Patchwork r8169: Fix irq masking in rtl8169_interrupt()

login
register
mail settings
Submitter Karsten Wiese
Date March 17, 2009, 7:34 p.m.
Message ID <200903172034.55241.fzu@wemgehoertderstaat.de>
Download mbox | patch
Permalink /patch/24572/
State Deferred
Delegated to: David Miller
Headers show

Comments

Karsten Wiese - March 17, 2009, 7:34 p.m.
Only adjust the NAPI bits of the interruptmask, if netif_rx_schedule_prep()
returns true.
Without this, I see interrupt storms here using 2.6.29-rcx and 2.6.27.19 and
device needed rmmod r8169 + modprobe r8169 to start working.

Signed-off-by: Karsten Wiese <fzu@wemgehoertderstaat.de>
---
 drivers/net/r8169.c |    9 ++++-----
 1 files changed, 4 insertions(+), 5 deletions(-)
françois romieu - March 17, 2009, 10:06 p.m.
Karsten Wiese <fzu@wemgehoertderstaat.de> :
> 
> Only adjust the NAPI bits of the interruptmask, if netif_rx_schedule_prep()
> returns true.
> Without this, I see interrupt storms here using 2.6.29-rcx and 2.6.27.19 and
> device needed rmmod r8169 + modprobe r8169 to start working.

How the patch is supposed to work is not completely clear to me.

Can you elaborate a bit ?
Karsten Wiese - March 18, 2009, 1:56 a.m.
Am Dienstag 17 März 2009 schrieb Francois Romieu:
> Karsten Wiese <fzu@wemgehoertderstaat.de> :
> > 
> > Only adjust the NAPI bits of the interruptmask, if netif_rx_schedule_prep()
> > returns true.
> > Without this, I see interrupt storms here using 2.6.29-rcx and 2.6.27.19 and
> > device needed rmmod r8169 + modprobe r8169 to start working.
> 
> How the patch is supposed to work is not completely clear to me.

Without it, if netif_rx_schedule_prep() returns 0, __netif_rx_schedule() is not
called so nothing is there to care for the transfer.
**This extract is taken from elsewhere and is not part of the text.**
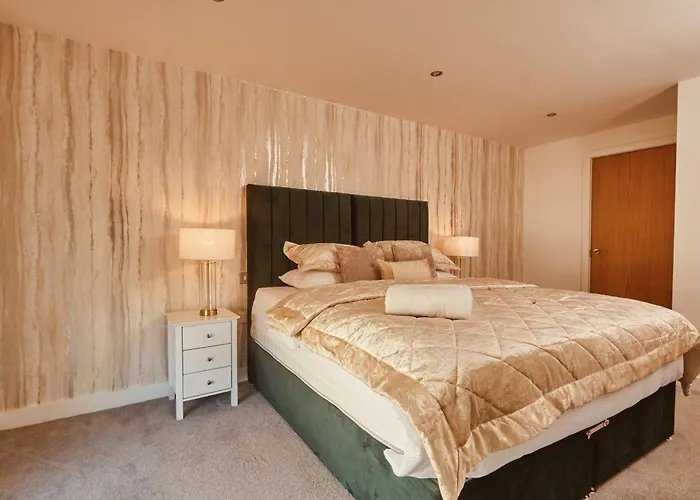 Dock Apt, Free Secure Parking! 2 Bed Leeds (West Yorkshire)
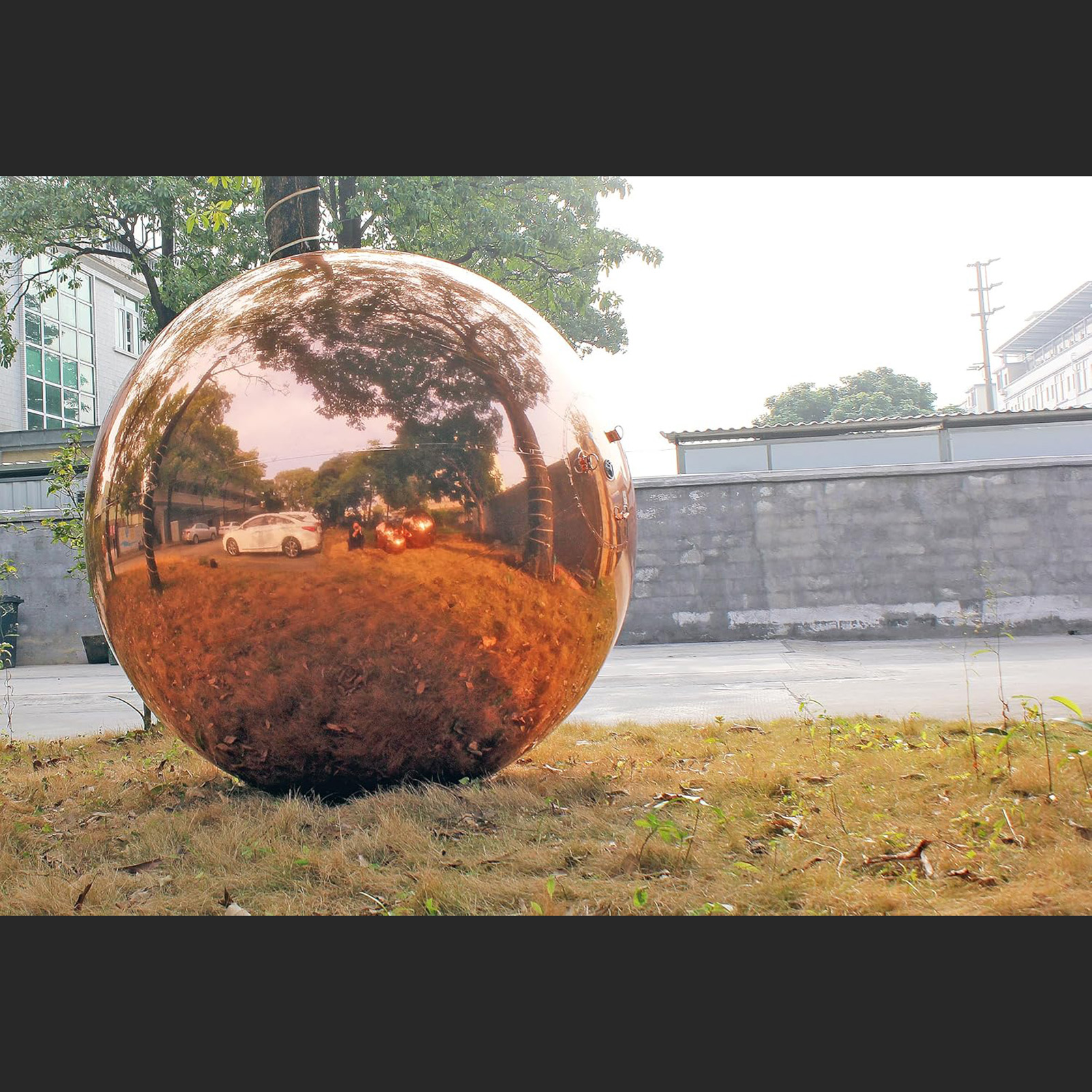 The rose gold inflatable mirror balls and big shiny balls are not as flamboyant as pure gold, but have a more mature charm than pink, exuding a low-key and charming luster Rose Gold inflatable mirror ball,Rose Gold big shiny ball - 图片 3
Nonetheless intr_mask is 
changed so that its not possible that __netif_rx_schedule() is ever called
later.

Patch works by letting rtl8169_interrupt() again call netif_rx_schedule_prep()
until it succeeds and __netif_rx_schedule() is called.

Thanks,
Karsten
--
To unsubscribe from this list: send the line "unsubscribe netdev" in
the body of a message to majordomo@vger.kernel.org
More majordomo info at  http://vger.kernel.org/majordomo-info.html
françois romieu - March 18, 2009, 6:40 a.m.
Karsten Wiese <fzu@wemgehoertderstaat.de> :
> Am Dienstag 17 März 2009 schrieb Francois Romieu:
[...]
> > How the patch is supposed to work is not completely clear to me.
> 
> Without it, if netif_rx_schedule_prep() returns 0, __netif_rx_schedule() is not
> called so nothing is there to care for the transfer. Nonetheless intr_mask is 
> changed so that its not possible that __netif_rx_schedule() is ever called
> later.
> 
> Patch works by letting rtl8169_interrupt() again call netif_rx_schedule_prep()
> until it succeeds and __netif_rx_schedule() is called.

Thanks for the explanation.

If netif_rx_schedule fails after napi is enabled, there is a
racing poll thread to care for the transfer.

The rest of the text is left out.